Cependant le bilan est maigre sur le front de l’emploi: les entreprises n’ont pas plus embauché, mais ont reconstitué leurs marges, sans effet notable non plus sur l’investissement, la recherche et développement ou les exportations (source)
A noter également que la baisse du coût du travail a des effets induits. Une trop grande modération salariale oblige l’Etat à compenser les hausses des coûts de la vie, que ce soit par des chèques énergies, chèques inflations, prime d’activité et ce alors même que l’Etat doit compenser le manque à gagner sur les exonérations de cotisations sociales.
Adapter l’offre de travail à la demande : formation et développement des compétences
Depuis des décennies, la France connaît un problème structurel de chômage de longue durée. Parallèlement, des tensions de recrutement dans de nombreux secteurs : les activités scientifiques et techniques (ingénieurs…), l’information et communication (développeurs, sécurité des systèmes d’information), le transport, la construction (BTP)…

Les difficultés sont de plusieurs natures
- un manque de main d’oeuvre qualifiée pouvant répondre à la demande
- une offre de travail ne correspondant pas aux besoins du marché
- des transitions professionnelles insuffisantes des secteurs peu recruteurs vers des secteurs en tensions
- une distance géographique entre l’offre et la demande d’emplois
Une solution pour rapprocher les caractéristiques de l’offre de travail de la demande passe l’adaptation des compétences aux besoins du marché via des actions de formations.
La formation s’entend ici au sens large, à savoir la formation initiale (école-collège-lycée-études supérieures) que la formation continue, tout au long de la carrière professionnelle des individus. Ce droit à la formation permet de développer et d’adapter ses compétences aux exigences du marché, et in fine d’accroître l’employabilité des travailleurs, à savoir leur capacité à occuper un emploi.

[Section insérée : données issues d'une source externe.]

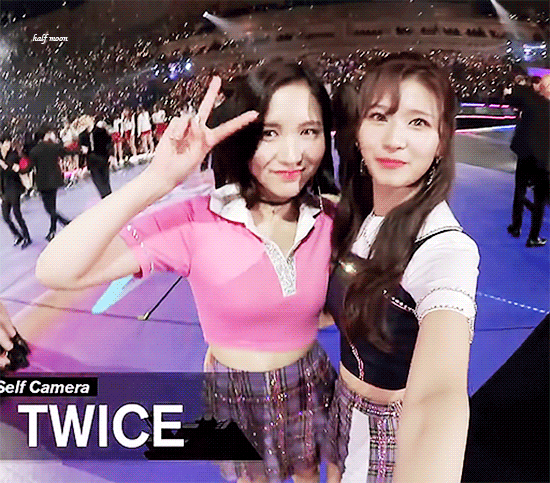 웃는게 좀 귀여운 오사카 시바견 | 인스티즈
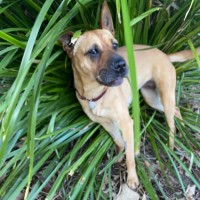 Photo of Narla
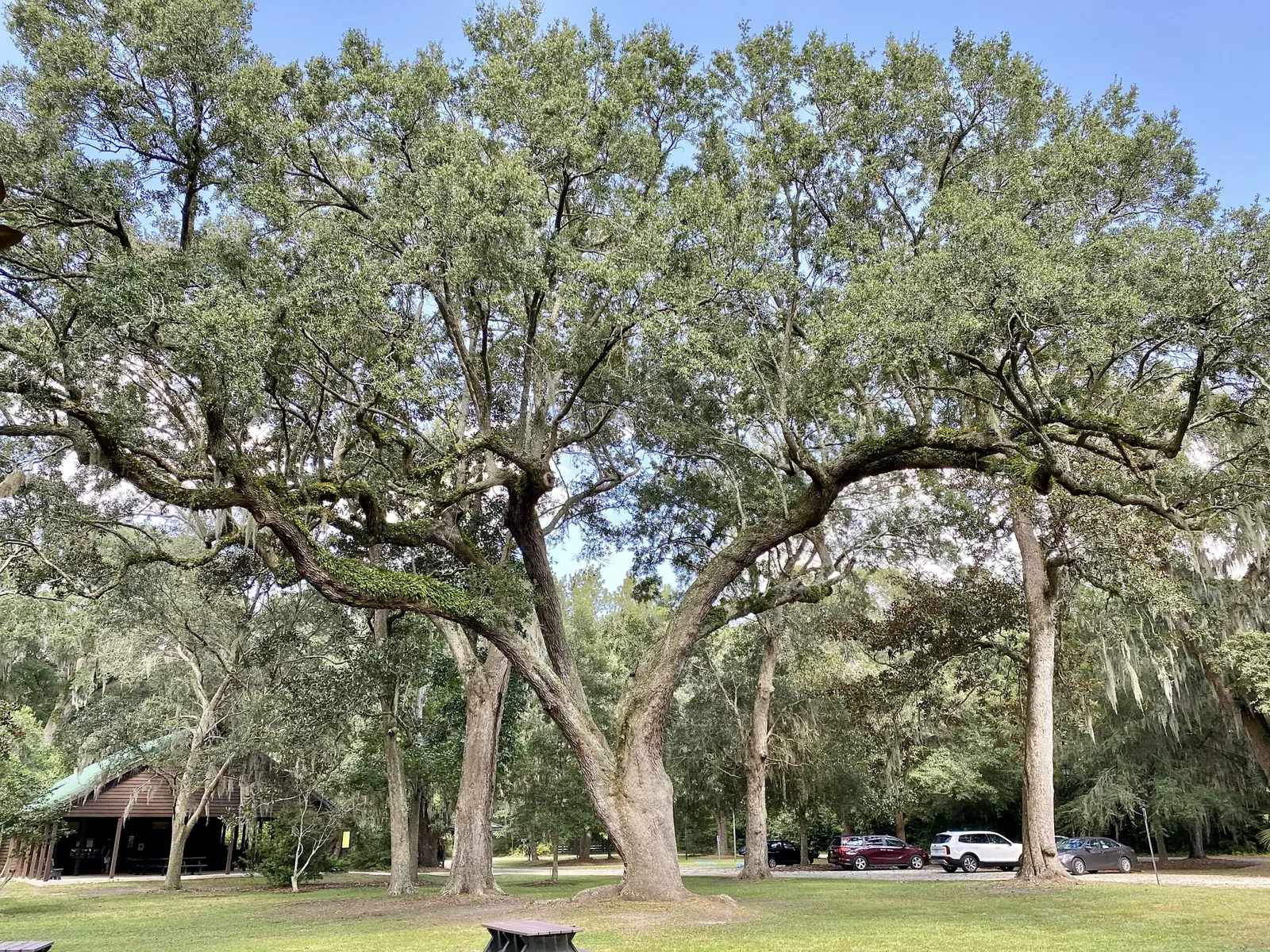Charles Pinckney National Historic Site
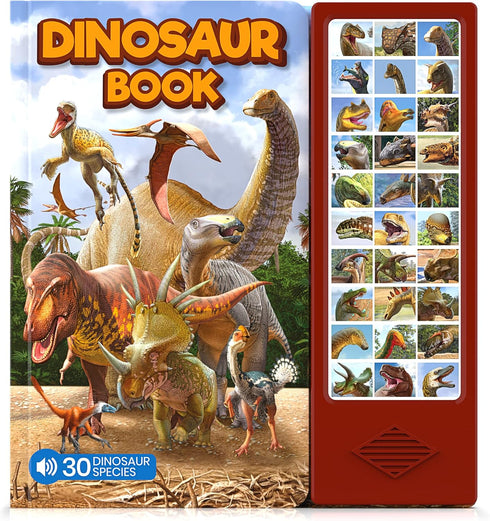 Dinosaur Toys for Kids 3-5 5-7 2-4 Year Old - Dinosaur Book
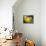 Yellow Tangs-Durwood Coffey-Premier Image Canvas displayed on a wall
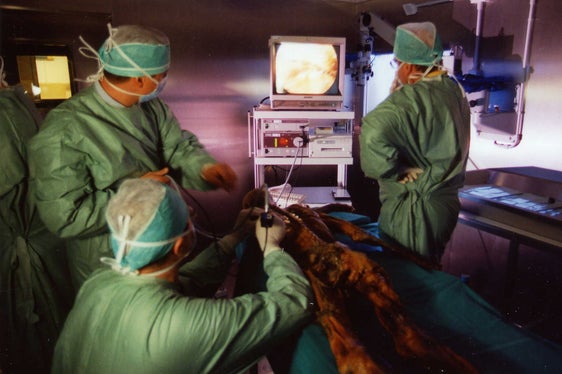 Da 30 anni al centro delle ricerche sull'Età della Pietra: la mummia del glaciale Ötzi (Foto: ASP)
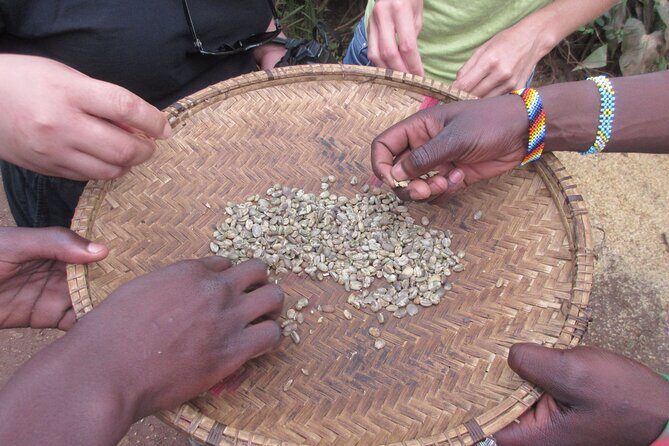 Materuni Thundering Waterfalls,Coffee Experience with Moshi Town Tour - Materuni Waterfalls and Chagga coffee: the real reason this works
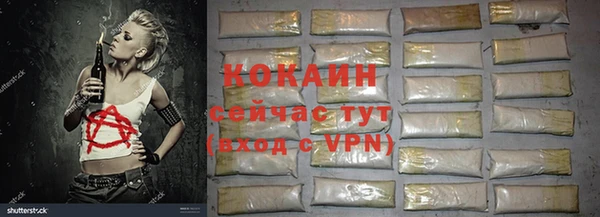 крисы Мегион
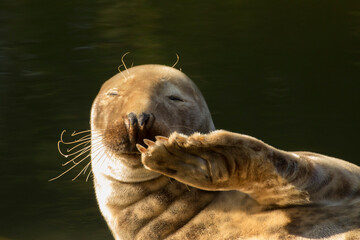 the seal lies down and salutes, and say hello, waving its fin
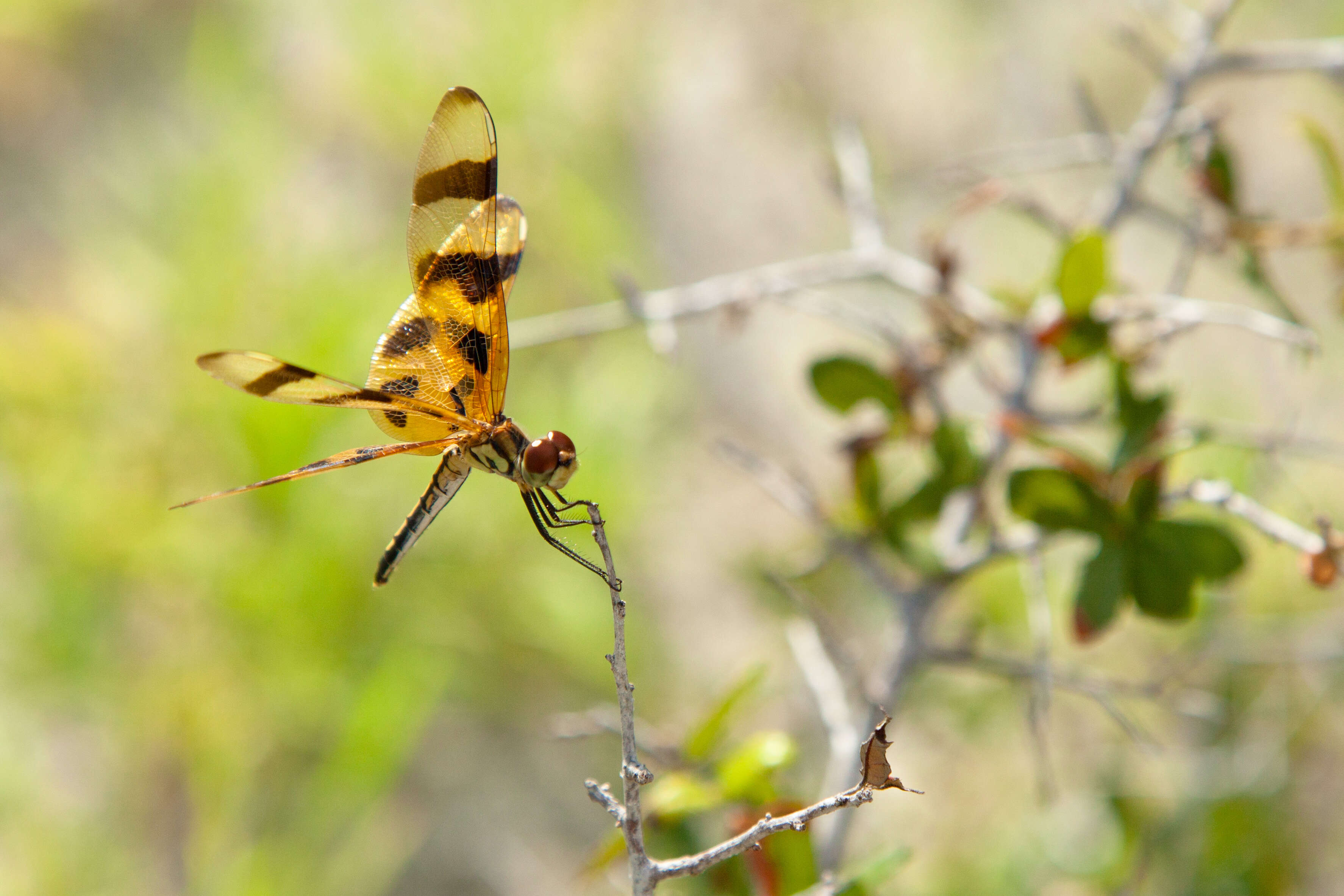 Celithemis eponina (Drury 1773) resmi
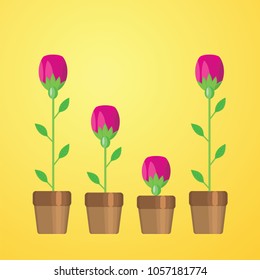 Flowers, vector illustration. Flower logo icons and symbols. Pink floral elements.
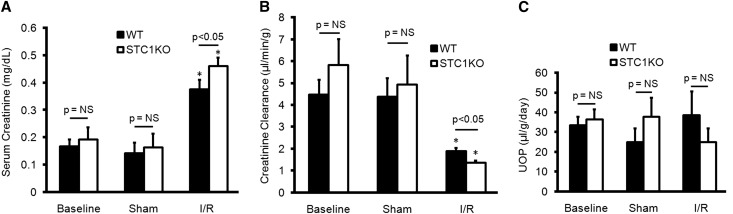 Figure 11.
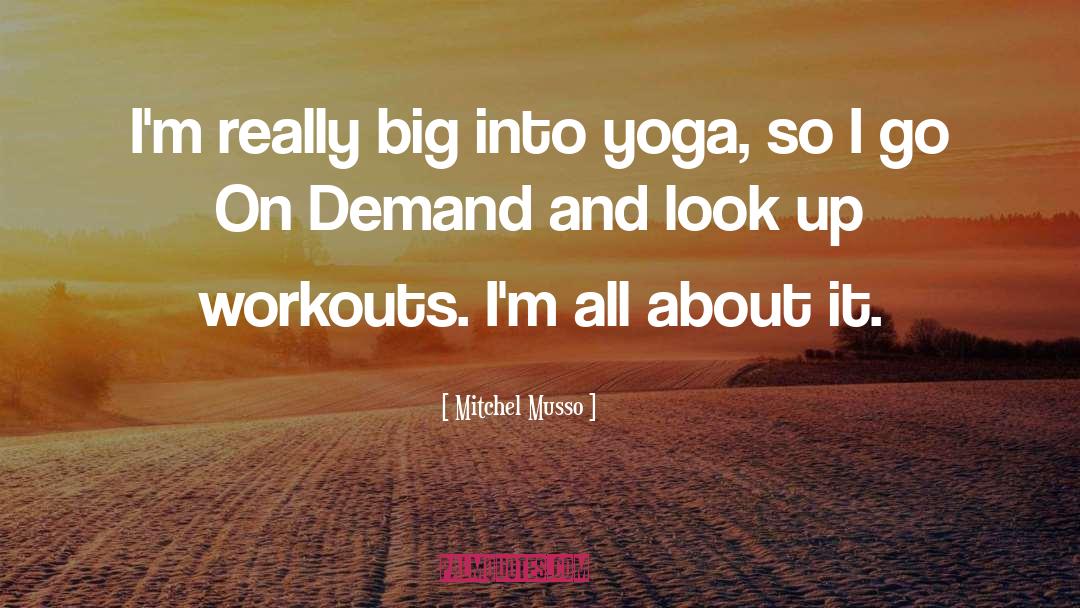 Sandbag Workouts quotes by Mitchel Musso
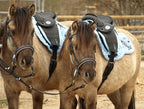 Barefoot Cheyenne Bellis PONY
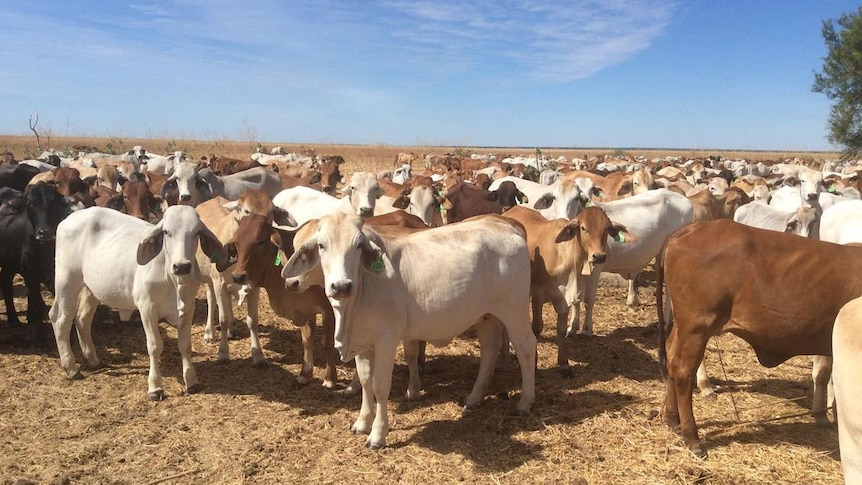 A mob of Brahman cattle with a grass plain in the background.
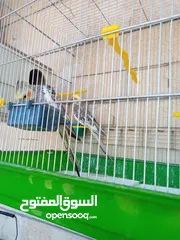  3 ببغاء كوكتيل ذكر وانثى مع قفص كبير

La formation (initiale ou professionnelle) est déterminante d’une part pour que les caractéristiques de l’offre de travail corresponde à la demande des entreprises, et stimule donc l’employabilité (capacité des salariés à occuper un emploi).
La formation permet également de développer l’innovation, la recherche et développement, la qualité, et donc une compétitivité hors prix des entreprises, et qui permet de limiter les modérations salariales.
Investir dans le capital humain est donc une nécessité pour transformer le marché du travail et lutter contre le chômage
Chômage structurel et politiques passives de l’emploi
Les politiques passives de l’emploi visent à rendre le chômage humainement supportable et/ou réduire la population active. A ce titre, on y retrouve la mise en œuvre d’indemnisation des chômeurs via l’allocation chômage.
D’autres éléments peuvent intervenir, tel que le fait d’abaisser l’âge de la retraite (comme de 65 à 60 ans en France en 1982), ou encore le partage du travail par la réduction du temps de travail (loi Aubry en France avec les 35 heures). La tendance actuelle est inverse, avec le passage de la retraite de 60 à 62 ans, puis 64 ans, la suppression des dispenses de recherches d’emploi pour les seniors, la fin des retraites anticipées, ce qui a amélioré le taux d’activité des 55-65 ans, mais pas nécessairement leur taux d’emploi.